Simultáneamente, Washington busca contener la expansión china en la región, presionando a gobiernos y empresas para romper lazos con Beijing. En contraste, las relaciones con Milei, Bukele o Noboa han sido más fluidas, marcadas por afinidad ideológica. Frente a las dictaduras de Cuba, Venezuela y Nicaragua, el tono ha sido duro, pero sin una estrategia clara de defensa democrática.
Hasta ahora, la respuesta latinoamericana ha sido débil y fragmentada. A diferencia de décadas pasadas, no ha surgido una articulación regional sólida capaz de enfrentar los embates de Washington. Ha prevalecido una lógica de supervivencia: ceder sin confrontar, negociar en solitario y buscar beneficios puntuales. Pero comienzan a aparecer señales de reacción. La reunión de los presidentes Lula, Petro, Orsi y Sánchez con Boric como anfitrión este 21 de julio en Santiago, bajo el lema “Democracia Siempre”, podría marcar un punto de inflexión. Será la ocasión para discutir cómo evitar quedar atrapados en la pugna entre EE.UU. y China, y cómo construir una postura común que combine autonomía estratégica y relaciones equilibradas y respetuosas.
Trump, en una entrevista reciente, fue claro: si en su primer mandato quería gobernar y sobrevivir, ahora su objetivo es gobernar Estados Unidos… y el mundo. El rediseño institucional interno y la reconfiguración del liderazgo global están en marcha y de momento pareciera que Trump va logrando imponer sus objetivos y su agenda.
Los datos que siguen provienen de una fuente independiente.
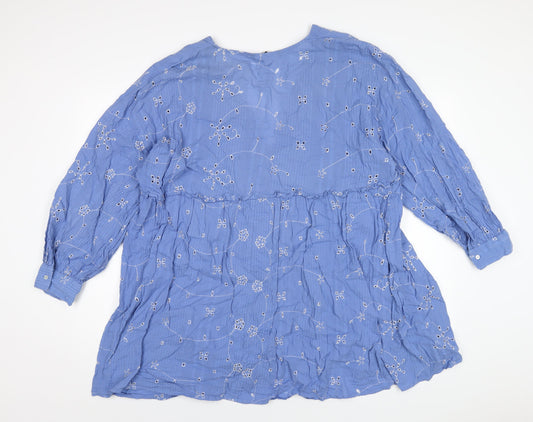 Zara Womens Blue Cotton A-Line Size XL V-Neck Pullover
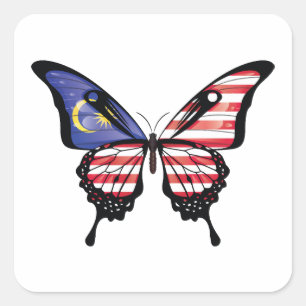 Malaysia Swallowtail Butterfly Flag Square Sticker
Pero las últimas semanas han traído turbulencias: el caso Epstein, el repunte inflacionario, el choque con Powell y una creciente impopularidad de su política migratoria amenazan con erosionar su narrativa de fuerza. Las encuestas muestran un deterioro creciente tanto de la credibilidad e imagen de Trump como en la de su gobierno.
Lo que viene no será menos agitado. Este segundo octavo de su mandato se anticipa aún más tenso y recio. Porque, aunque han pasado ya seis meses, a Trump todavía le quedan siete octavos de mandato. Y, con ellos, la posibilidad real de redefinir las características de la democracia norteamericana a nivel interno y el liderazgo de EE.UU. en el mundo —para bien o para mal.